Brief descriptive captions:
Segment Open
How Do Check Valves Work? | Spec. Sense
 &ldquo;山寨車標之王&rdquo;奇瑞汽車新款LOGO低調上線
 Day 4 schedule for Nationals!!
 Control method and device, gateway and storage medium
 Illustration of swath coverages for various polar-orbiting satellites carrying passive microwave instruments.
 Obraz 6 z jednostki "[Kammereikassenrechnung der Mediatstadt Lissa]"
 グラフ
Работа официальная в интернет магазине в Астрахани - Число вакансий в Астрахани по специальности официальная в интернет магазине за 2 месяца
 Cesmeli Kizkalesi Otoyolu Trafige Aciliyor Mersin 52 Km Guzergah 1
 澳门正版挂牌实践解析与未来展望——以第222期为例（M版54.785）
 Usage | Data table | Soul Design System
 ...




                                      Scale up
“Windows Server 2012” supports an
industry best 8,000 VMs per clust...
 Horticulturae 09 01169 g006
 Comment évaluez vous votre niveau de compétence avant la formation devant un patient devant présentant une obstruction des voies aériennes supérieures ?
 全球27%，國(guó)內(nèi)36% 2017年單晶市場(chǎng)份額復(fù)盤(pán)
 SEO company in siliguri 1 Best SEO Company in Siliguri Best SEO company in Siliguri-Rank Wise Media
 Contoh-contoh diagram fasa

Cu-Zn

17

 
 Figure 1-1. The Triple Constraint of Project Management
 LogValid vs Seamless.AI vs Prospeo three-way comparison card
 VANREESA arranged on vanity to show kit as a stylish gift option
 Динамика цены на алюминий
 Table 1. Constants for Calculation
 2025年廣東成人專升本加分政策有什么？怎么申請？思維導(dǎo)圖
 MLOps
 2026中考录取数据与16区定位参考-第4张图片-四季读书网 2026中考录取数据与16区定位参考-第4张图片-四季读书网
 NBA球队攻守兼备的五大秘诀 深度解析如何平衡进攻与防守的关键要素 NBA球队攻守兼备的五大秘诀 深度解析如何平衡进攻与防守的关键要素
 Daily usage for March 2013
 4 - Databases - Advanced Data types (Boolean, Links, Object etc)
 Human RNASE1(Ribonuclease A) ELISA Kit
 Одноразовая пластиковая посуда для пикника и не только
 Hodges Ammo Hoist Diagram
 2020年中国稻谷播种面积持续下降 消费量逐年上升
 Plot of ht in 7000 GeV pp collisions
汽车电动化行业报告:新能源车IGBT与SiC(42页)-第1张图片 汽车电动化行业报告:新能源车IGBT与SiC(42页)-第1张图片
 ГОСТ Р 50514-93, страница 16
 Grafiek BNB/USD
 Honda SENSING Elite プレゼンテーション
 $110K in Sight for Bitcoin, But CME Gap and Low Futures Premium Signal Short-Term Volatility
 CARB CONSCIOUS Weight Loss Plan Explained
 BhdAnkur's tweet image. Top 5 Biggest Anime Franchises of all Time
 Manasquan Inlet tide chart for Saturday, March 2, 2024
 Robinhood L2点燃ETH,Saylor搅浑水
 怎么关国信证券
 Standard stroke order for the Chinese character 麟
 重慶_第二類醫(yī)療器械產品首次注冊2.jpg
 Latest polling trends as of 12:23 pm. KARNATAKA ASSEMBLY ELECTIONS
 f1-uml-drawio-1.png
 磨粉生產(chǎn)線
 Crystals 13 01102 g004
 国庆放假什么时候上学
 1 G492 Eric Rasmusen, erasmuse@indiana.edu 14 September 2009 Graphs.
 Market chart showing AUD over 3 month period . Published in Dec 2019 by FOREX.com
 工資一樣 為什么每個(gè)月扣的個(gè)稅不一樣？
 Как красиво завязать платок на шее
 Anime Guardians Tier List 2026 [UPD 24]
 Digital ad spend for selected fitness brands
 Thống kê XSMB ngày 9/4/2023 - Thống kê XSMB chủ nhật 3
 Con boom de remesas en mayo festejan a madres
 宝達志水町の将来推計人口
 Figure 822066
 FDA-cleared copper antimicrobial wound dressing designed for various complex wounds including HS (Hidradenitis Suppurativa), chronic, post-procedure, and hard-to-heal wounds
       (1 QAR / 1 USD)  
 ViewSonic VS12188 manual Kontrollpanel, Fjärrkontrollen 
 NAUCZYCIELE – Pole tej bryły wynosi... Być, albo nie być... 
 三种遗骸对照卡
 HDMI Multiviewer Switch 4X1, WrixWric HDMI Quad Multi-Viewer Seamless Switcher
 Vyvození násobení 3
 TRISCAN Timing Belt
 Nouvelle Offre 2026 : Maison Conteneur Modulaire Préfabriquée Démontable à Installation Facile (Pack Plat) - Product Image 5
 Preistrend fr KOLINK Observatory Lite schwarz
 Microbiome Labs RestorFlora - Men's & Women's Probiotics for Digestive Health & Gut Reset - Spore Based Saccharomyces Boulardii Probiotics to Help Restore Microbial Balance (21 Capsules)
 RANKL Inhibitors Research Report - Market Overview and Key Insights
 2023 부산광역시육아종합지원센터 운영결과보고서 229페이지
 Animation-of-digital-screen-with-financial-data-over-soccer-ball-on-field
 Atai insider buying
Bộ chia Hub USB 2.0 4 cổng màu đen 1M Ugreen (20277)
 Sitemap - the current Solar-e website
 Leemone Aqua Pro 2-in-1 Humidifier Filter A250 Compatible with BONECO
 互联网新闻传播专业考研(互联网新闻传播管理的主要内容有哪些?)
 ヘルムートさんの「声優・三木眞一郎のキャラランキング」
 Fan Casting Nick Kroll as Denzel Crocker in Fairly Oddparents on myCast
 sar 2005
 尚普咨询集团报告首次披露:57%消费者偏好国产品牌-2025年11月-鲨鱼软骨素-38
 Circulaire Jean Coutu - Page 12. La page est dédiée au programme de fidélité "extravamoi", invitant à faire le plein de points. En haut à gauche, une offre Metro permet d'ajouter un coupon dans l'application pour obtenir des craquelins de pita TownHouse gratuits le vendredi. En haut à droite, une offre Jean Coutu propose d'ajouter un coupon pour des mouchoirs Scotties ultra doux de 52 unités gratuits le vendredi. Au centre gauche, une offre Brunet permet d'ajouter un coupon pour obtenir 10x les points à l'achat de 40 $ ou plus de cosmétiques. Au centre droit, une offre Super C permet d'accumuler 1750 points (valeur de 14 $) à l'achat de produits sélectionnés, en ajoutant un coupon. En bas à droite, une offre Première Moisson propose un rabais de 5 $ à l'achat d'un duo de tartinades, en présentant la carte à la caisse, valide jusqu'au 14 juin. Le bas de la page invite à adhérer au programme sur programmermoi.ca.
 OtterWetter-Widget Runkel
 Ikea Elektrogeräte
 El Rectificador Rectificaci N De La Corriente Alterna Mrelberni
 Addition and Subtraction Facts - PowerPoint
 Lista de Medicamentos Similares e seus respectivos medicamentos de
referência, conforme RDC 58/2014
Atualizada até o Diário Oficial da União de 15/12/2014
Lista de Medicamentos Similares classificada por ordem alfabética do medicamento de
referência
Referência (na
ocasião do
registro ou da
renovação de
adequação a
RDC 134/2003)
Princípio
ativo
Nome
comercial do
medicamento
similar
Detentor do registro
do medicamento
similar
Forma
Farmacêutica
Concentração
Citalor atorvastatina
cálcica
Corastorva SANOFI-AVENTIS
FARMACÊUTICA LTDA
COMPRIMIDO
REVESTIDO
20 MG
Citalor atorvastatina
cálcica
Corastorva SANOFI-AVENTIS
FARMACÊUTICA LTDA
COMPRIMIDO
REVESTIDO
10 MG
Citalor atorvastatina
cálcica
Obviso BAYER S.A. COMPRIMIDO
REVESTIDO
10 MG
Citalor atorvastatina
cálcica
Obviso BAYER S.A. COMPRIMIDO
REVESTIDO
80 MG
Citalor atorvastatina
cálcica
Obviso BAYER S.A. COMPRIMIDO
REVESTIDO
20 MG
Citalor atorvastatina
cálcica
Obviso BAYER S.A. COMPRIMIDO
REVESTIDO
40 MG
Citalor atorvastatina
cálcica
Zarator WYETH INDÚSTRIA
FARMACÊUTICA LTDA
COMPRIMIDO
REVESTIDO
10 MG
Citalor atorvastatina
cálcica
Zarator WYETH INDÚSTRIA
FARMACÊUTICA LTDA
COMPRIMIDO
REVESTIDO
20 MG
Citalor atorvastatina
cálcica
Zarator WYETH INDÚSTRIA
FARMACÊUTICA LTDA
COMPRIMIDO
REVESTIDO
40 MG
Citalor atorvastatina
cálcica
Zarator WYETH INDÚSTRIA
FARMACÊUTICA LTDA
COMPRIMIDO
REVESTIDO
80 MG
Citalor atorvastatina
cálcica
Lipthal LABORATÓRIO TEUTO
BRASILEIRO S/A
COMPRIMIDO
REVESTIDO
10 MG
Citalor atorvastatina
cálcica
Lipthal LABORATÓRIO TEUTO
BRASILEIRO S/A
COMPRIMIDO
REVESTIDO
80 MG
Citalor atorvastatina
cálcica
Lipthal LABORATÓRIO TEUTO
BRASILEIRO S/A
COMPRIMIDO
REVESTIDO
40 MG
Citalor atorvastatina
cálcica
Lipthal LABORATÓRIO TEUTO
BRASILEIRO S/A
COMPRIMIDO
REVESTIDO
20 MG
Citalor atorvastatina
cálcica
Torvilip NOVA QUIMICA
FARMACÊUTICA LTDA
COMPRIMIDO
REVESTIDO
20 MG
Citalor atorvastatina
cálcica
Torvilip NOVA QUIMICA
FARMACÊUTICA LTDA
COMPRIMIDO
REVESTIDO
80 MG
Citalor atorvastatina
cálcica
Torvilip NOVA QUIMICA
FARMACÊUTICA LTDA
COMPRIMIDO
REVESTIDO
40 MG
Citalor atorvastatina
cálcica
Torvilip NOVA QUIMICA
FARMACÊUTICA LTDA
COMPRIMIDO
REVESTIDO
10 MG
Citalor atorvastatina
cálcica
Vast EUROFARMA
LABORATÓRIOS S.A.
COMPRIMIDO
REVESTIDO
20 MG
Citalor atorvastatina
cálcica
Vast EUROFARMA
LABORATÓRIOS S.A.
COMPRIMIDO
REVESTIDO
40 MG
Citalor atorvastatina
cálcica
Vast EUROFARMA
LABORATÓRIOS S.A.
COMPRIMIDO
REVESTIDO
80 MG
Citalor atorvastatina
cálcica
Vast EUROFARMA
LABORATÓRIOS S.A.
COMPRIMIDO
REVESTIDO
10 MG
Segment Closed
» **Exercise instructions**:
Wherever the word "Figure" occurs in the data, copy that whole line.

» **Written response**:
 Figure 1-1. The Triple Constraint of Project Management
 Figure 822066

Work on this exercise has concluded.